Seine Umfragewerte sind gut, tendenziell aber rückläufig. Und mit 77 ist der Senator aus Vermont noch ein Jahr älter als Joe Biden, was ihm nicht hilft. «Ist Bernie Sanders erledigt?», fragte sich das Wirtschaftsportal Bloomberg. Dieser Abgesang ist verfrüht. Tatsache ist aber auch: Die demokratische Basis mag Sanders, aber nur wenige würden ihn wählen.

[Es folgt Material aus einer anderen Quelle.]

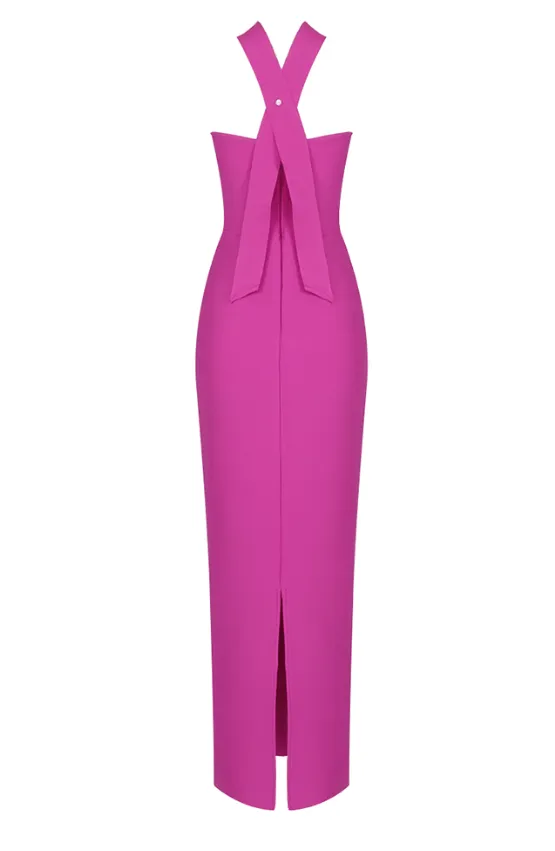 Pink Maxi Dress - Petra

Mit ihrem Geschlecht und ihrer indisch-jamaikanischen Herkunft verkörpert die Senatorin aus Kalifornien die Vielfalt der heutigen demokratischen Partei. Damit kann sie in den Umfragen punkten, dennoch ist Harris' Wahlkampf kaum in Fahrt gekommen. Kritiker monieren, sie habe mit ihrem Mix aus progressiven und moderaten Ideen noch keine Nische gefunden.

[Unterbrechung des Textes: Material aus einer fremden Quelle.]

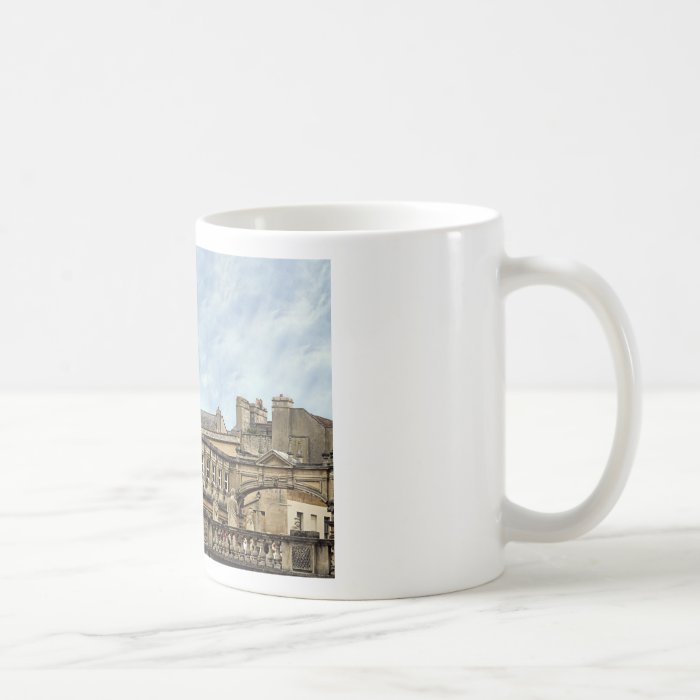 roman baths bath coffee mug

In der polarisierten US-Politik könnte die 54-Jährige zwischen Stuhl und Bank fallen. Am Parteitag der Demokraten in ihrem Heimatstaat Kalifornien ging sie neben Elizabeth Warren regelrecht unter. In den letzten Tagen hat Kamala Harris versucht, ihre menschliche Seite gegenüber dem Politischen zu betonen. Aber sie ist mehr als andere auf eine starke Debatten-Performance angewiesen.
Der schwule Bürgermeister von South Bend in Indiana ist die bislang grösste Sensation im demokratischen Wahlkampf. Mit überzeugenden Fernsehauftritten und einer cleveren Strategie hat sich der telegene 37-Jährige vom Nobody in die Spitzengruppe katapultiert. Es sind beste Voraussetzungen, um in der Debatte gegen die mehr als doppelt so alten Biden und Sanders zu glänzen.
Am Wochenende aber musste Buttigieg seine erste Bewährungsprobe bestehen. In South Bend hatte ein weisser Polizist einen Schwarzen erschossen. Bei der Rückkehr in seine Heimatstadt sah sich «Mayor Pete» mit wütenden Afroamerikanern konfrontiert. Die Episode offenbart seine bislang grösste Schwäche: Für Schwarze und Latinos ist Buttigieg einfach ein weiterer weisser Mann.
Mit den fünf Spitzenreitern können bislang nur Cory Booker und Beto O'Rourke in den Umfragen halbwegs mithalten. Umso mehr darf man gespannt sein, wie sich der grosse Rest in den Debatten schlägt. Bis zur ersten Vorwahl dauert es noch mehr als ein halbes Jahr. Sie findet am 3. Februar 2020 statt, wie immer im Staat Iowa.